Assigned task: In your reply, reproduce the lines from the first one below to the line containing "p>美娘宝螺(学名:palmadusta saulae saulae", inclusive, exactly as they stand.

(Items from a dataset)
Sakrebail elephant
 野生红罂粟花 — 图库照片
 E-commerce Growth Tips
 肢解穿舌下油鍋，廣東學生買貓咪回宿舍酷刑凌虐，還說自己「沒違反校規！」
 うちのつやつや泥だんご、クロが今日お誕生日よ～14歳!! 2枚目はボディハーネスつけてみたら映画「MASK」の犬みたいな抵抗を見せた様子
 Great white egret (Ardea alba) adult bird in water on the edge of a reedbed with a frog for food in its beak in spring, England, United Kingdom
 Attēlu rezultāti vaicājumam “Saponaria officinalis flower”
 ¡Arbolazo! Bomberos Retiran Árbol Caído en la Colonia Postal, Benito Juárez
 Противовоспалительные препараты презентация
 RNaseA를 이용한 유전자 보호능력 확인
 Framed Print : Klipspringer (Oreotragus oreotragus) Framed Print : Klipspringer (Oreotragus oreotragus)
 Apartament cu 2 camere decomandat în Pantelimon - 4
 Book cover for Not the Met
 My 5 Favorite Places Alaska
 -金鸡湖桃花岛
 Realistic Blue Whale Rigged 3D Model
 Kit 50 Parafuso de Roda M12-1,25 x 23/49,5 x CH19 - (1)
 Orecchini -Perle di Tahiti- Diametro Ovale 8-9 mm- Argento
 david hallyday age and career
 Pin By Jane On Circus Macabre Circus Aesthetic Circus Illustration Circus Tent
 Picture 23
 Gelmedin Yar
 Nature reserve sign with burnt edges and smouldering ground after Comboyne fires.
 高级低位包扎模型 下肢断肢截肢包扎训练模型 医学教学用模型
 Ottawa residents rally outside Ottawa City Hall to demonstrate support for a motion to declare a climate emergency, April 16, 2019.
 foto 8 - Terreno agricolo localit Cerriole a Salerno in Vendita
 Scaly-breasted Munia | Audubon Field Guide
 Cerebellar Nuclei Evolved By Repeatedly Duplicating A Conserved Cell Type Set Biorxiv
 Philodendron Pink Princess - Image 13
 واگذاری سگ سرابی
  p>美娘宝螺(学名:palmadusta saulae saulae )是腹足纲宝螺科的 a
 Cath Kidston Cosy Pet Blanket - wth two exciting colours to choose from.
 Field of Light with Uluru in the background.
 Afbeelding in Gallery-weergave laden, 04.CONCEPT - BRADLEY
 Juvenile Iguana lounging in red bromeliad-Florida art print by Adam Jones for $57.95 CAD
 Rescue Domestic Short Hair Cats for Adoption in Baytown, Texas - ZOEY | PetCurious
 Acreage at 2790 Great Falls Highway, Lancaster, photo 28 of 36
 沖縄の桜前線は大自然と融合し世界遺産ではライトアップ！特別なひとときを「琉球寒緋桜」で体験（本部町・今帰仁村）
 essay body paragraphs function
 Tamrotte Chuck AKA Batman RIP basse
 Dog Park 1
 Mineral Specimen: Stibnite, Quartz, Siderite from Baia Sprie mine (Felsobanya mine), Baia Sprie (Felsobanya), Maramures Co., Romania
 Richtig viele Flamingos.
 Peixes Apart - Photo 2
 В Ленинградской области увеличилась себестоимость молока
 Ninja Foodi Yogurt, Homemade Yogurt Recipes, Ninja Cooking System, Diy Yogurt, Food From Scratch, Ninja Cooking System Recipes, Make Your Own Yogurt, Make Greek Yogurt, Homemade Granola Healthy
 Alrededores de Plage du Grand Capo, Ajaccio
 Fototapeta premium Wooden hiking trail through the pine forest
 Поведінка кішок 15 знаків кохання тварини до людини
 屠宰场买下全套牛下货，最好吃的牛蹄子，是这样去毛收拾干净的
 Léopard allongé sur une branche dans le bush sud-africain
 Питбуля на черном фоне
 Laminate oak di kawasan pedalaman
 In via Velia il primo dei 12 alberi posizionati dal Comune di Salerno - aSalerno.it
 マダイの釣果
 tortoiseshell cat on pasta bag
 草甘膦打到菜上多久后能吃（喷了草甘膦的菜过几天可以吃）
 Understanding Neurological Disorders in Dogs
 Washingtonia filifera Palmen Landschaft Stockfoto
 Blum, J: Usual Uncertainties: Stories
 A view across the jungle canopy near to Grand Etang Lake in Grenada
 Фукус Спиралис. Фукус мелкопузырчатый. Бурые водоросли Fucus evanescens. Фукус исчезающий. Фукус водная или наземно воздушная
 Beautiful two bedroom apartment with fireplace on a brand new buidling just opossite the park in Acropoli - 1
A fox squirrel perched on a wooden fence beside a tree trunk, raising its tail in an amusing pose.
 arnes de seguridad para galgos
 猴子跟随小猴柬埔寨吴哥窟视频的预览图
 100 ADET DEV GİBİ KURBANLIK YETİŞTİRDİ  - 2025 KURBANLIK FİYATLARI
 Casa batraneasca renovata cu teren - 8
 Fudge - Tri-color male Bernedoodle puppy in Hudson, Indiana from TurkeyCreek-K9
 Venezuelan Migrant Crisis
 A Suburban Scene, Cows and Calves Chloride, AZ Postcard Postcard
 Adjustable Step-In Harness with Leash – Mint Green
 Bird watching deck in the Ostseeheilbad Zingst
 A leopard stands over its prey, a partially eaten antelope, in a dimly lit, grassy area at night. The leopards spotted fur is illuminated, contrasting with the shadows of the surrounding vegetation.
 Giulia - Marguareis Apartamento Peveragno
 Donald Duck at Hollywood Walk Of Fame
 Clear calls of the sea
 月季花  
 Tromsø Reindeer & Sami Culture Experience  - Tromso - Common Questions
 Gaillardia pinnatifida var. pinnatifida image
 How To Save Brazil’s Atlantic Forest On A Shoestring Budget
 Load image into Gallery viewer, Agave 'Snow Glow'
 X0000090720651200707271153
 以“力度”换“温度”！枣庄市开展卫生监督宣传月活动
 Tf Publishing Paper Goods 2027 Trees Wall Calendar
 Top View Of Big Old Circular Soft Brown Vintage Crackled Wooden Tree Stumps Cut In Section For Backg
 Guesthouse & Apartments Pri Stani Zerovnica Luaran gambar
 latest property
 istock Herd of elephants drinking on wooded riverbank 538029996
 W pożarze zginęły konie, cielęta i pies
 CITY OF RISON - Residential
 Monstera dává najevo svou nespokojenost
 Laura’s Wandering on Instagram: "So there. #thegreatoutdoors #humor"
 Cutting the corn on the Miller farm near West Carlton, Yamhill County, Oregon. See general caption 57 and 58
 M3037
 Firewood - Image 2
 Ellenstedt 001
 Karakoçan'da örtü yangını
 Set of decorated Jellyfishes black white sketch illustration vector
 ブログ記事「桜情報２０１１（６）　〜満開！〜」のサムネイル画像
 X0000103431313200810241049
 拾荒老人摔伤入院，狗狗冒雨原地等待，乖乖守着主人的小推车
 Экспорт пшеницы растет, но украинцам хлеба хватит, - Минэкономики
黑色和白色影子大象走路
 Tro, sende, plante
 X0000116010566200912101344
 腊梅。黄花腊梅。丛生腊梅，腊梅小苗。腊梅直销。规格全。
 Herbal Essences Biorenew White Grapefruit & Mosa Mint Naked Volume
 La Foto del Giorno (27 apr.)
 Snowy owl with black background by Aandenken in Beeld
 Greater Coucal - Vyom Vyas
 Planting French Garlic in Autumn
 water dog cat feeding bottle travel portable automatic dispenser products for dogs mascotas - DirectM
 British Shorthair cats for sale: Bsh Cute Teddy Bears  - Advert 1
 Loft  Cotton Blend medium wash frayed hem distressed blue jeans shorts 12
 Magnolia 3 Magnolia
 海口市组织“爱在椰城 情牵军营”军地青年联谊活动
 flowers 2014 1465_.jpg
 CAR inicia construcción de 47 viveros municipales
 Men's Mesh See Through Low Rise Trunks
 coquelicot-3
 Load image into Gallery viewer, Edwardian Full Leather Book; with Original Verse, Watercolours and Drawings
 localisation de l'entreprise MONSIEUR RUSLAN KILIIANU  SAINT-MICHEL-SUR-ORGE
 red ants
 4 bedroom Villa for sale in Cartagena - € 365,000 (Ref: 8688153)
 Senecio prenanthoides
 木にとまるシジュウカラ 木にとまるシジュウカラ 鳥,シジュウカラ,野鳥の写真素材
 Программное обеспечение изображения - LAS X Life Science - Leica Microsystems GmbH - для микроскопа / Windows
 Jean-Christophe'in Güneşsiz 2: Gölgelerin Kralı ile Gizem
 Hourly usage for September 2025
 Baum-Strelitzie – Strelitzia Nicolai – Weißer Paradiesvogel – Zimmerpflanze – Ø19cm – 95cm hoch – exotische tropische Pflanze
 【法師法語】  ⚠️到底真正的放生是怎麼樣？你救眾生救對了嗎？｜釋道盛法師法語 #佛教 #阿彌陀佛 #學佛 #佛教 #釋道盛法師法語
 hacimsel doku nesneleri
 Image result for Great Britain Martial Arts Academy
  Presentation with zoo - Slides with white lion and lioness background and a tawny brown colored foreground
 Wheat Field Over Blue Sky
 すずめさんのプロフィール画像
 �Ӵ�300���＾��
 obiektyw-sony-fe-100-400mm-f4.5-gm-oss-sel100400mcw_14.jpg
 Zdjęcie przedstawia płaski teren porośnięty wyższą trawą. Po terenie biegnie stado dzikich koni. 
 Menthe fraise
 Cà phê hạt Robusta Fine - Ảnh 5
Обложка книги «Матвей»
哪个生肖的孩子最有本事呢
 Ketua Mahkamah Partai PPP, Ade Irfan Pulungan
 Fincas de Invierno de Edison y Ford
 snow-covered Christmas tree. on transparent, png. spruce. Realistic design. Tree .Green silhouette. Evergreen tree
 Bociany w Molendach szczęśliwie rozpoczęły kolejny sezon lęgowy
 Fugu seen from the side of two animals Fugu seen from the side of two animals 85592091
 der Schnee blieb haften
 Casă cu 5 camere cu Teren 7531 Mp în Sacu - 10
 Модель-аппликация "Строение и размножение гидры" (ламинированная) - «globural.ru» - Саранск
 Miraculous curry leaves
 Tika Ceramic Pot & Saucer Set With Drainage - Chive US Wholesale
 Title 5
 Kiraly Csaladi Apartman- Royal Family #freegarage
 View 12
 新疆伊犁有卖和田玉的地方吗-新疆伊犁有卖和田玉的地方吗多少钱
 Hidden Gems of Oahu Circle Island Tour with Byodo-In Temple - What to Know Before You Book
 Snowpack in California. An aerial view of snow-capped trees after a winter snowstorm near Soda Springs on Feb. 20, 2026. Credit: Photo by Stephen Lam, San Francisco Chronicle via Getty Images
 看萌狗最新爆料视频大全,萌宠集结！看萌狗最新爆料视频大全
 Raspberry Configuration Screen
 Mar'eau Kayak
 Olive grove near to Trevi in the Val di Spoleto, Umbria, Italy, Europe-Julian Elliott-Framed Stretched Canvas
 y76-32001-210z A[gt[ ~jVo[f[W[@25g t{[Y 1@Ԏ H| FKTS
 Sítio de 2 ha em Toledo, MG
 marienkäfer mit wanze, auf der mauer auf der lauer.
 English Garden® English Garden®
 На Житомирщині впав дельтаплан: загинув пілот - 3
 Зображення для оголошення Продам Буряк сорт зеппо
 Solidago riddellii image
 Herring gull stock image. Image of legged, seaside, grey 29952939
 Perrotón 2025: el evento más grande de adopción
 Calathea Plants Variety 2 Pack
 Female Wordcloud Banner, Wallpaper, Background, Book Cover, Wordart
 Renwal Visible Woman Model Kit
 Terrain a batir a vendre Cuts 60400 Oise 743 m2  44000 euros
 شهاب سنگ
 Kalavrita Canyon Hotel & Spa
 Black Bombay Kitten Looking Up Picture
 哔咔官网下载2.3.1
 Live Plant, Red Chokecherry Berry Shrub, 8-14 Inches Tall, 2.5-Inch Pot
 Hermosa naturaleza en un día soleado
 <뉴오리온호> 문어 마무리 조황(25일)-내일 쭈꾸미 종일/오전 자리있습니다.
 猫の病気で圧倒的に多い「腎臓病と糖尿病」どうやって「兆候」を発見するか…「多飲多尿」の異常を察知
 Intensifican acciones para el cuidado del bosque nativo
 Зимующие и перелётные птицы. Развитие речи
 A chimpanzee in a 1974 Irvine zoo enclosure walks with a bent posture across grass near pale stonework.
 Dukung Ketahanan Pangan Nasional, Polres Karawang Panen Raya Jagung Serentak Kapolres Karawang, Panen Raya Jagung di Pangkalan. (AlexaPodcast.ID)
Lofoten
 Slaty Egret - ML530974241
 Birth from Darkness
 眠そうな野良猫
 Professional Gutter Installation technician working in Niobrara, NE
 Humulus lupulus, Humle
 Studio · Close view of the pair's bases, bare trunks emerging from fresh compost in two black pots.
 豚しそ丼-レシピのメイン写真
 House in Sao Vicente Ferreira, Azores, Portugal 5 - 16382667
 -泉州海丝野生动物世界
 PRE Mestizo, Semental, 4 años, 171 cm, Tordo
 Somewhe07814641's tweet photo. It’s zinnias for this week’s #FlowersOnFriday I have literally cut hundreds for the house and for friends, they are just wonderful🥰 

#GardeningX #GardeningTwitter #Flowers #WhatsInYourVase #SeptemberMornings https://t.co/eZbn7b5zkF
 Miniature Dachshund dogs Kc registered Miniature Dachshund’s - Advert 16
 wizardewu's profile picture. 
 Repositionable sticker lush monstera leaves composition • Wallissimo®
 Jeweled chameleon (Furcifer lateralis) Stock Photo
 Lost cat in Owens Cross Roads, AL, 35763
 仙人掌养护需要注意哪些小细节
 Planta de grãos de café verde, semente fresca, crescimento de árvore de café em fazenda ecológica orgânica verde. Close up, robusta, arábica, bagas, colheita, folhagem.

Answer area:
Sakrebail elephant
 野生红罂粟花 — 图库照片
 E-commerce Growth Tips
 肢解穿舌下油鍋，廣東學生買貓咪回宿舍酷刑凌虐，還說自己「沒違反校規！」
 うちのつやつや泥だんご、クロが今日お誕生日よ～14歳!! 2枚目はボディハーネスつけてみたら映画「MASK」の犬みたいな抵抗を見せた様子
 Great white egret (Ardea alba) adult bird in water on the edge of a reedbed with a frog for food in its beak in spring, England, United Kingdom
 Attēlu rezultāti vaicājumam “Saponaria officinalis flower”
 ¡Arbolazo! Bomberos Retiran Árbol Caído en la Colonia Postal, Benito Juárez
 Противовоспалительные препараты презентация
 RNaseA를 이용한 유전자 보호능력 확인
 Framed Print : Klipspringer (Oreotragus oreotragus) Framed Print : Klipspringer (Oreotragus oreotragus)
 Apartament cu 2 camere decomandat în Pantelimon - 4
 Book cover for Not the Met
 My 5 Favorite Places Alaska
 -金鸡湖桃花岛
 Realistic Blue Whale Rigged 3D Model
 Kit 50 Parafuso de Roda M12-1,25 x 23/49,5 x CH19 - (1)
 Orecchini -Perle di Tahiti- Diametro Ovale 8-9 mm- Argento
 david hallyday age and career
 Pin By Jane On Circus Macabre Circus Aesthetic Circus Illustration Circus Tent
 Picture 23
 Gelmedin Yar
 Nature reserve sign with burnt edges and smouldering ground after Comboyne fires.
 高级低位包扎模型 下肢断肢截肢包扎训练模型 医学教学用模型
 Ottawa residents rally outside Ottawa City Hall to demonstrate support for a motion to declare a climate emergency, April 16, 2019.
 foto 8 - Terreno agricolo localit Cerriole a Salerno in Vendita
 Scaly-breasted Munia | Audubon Field Guide
 Cerebellar Nuclei Evolved By Repeatedly Duplicating A Conserved Cell Type Set Biorxiv
 Philodendron Pink Princess - Image 13
 واگذاری سگ سرابی
  p>美娘宝螺(学名:palmadusta saulae saulae )是腹足纲宝螺科的 a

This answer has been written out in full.